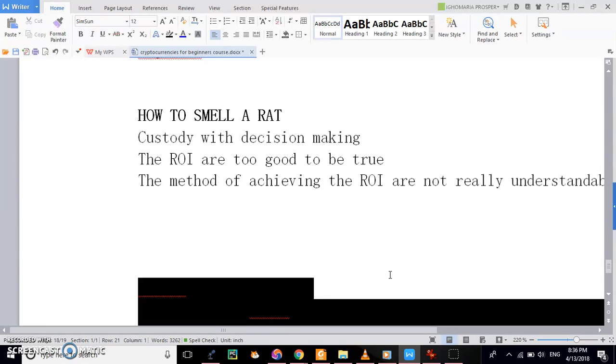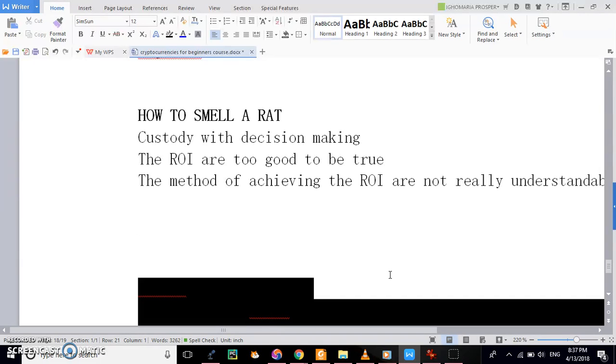And then the second thing again is the method of achieving this ROI. First, if it is not simple enough, and then second, if the method of achieving this ROI is not open to the public. It is one thing to explain that this thing is not simple enough. That again, it is not open to the public. It's like the public should not be aware of it. There are no transparency with the method of getting this. It should be, it could be potential scam.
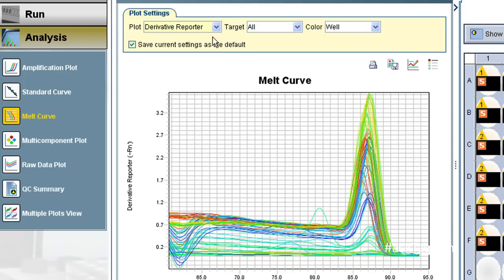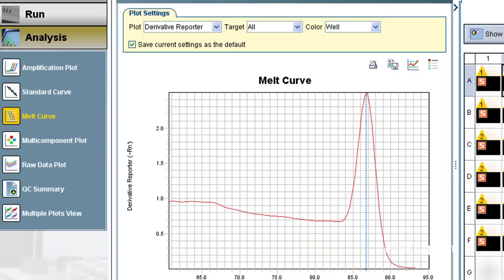If you choose the derivative view from this drop-down menu, the drop-off gets converted into a peak. What we're hoping to see is one clearly defined peak, which suggests — doesn't prove, mind you, but suggests — that you have a clean amplification of a single product.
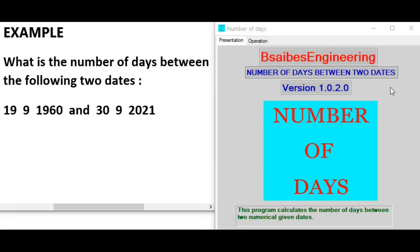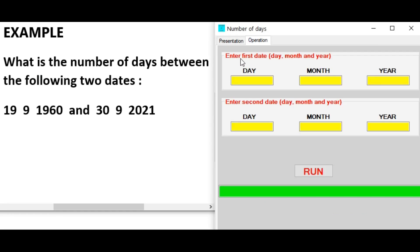This program calculates the number of days between two given dates. For example, enter the first date: day 19, month 9, and year 1960.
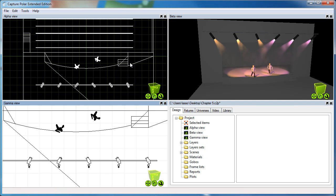Hi, this is Lars Vanlund from Capture Sweden with the fifth chapter of our video tutorials and the second part of the tutorial about plots.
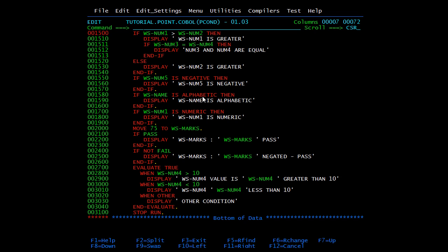We can also check for alphabetic values. We check for negative, positive, and zero with sign condition, and for alphabetic, numeric, or spaces with class condition. Since COBOL is an English-like language, you simply write 'IF variable IS ALPHABETIC', 'IF variable IS NUMERIC', or 'IF variable IS SPACES', and the corresponding block executes.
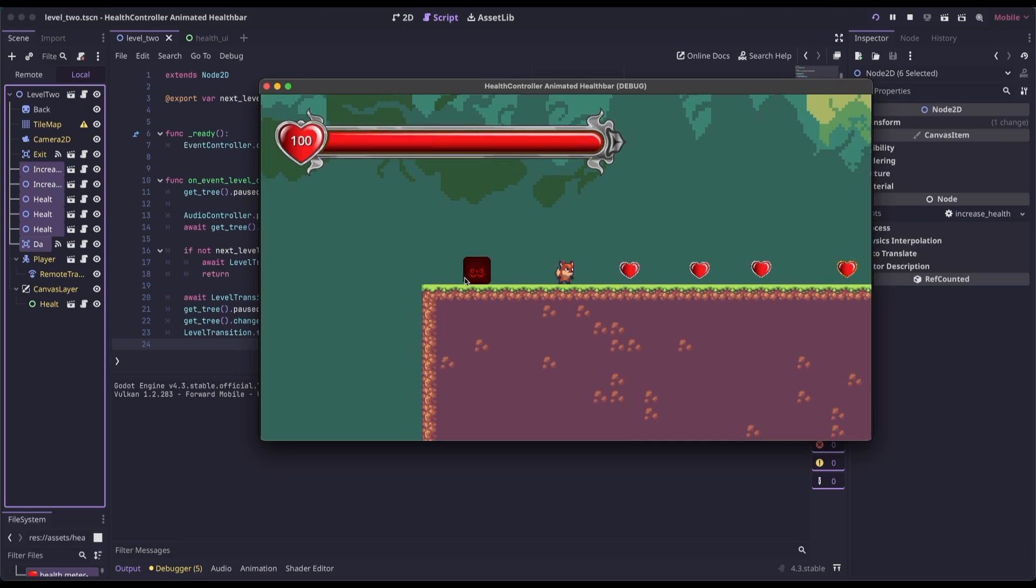So this little sprite here is going to give 25 damage. The silver hearts are going to heal 25. And then the gold hearts are going to heal fully and increase the max health.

| WHAT YOU WILL DO |
The reply must hold each line of the records verbatim and no pictures.

| RESULT |
And then the second thing again is the method of achieving this ROI. First, if it is not simple enough, and then second, if the method of achieving this ROI is not open to the public. It is one thing to explain that this thing is not simple enough. That again, it is not open to the public. It's like the public should not be aware of it. There are no transparency with the method of getting this. It should be, it could be potential scam.
If you choose the derivative view from this drop-down menu, the drop-off gets converted into a peak. What we're hoping to see is one clearly defined peak, which suggests — doesn't prove, mind you, but suggests — that you have a clean amplification of a single product.
This program calculates the number of days between two given dates. For example, enter the first date: day 19, month 9, and year 1960.
Hi, this is Lars Vanlund from Capture Sweden with the fifth chapter of our video tutorials and the second part of the tutorial about plots.
We can also check for alphabetic values. We check for negative, positive, and zero with sign condition, and for alphabetic, numeric, or spaces with class condition. Since COBOL is an English-like language, you simply write 'IF variable IS ALPHABETIC', 'IF variable IS NUMERIC', or 'IF variable IS SPACES', and the corresponding block executes.
So this little sprite here is going to give 25 damage. The silver hearts are going to heal 25. And then the gold hearts are going to heal fully and increase the max health.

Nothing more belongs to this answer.